━━━━━ Available data

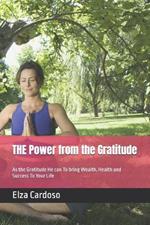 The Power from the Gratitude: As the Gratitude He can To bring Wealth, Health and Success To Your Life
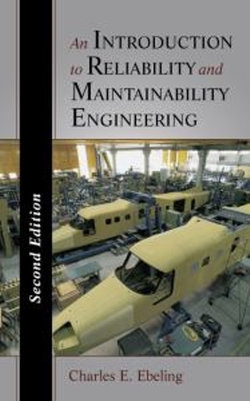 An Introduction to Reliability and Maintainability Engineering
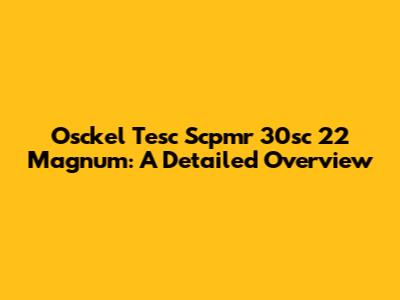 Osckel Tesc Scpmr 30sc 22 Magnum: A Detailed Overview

━━━━━━━━━━
━━━━━ Available data

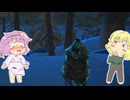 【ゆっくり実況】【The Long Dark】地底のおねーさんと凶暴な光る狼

━━━━━━━━━━

- Work request
Start with the line with "The Power from" in the listing above and stop after the line with "Osckel Tesc Scpmr". Write out exactly the lines in that stretch and no others, without pictures.

- Solution for this exercise
 The Power from the Gratitude: As the Gratitude He can To bring Wealth, Health and Success To Your Life
 An Introduction to Reliability and Maintainability Engineering
 Osckel Tesc Scpmr 30sc 22 Magnum: A Detailed Overview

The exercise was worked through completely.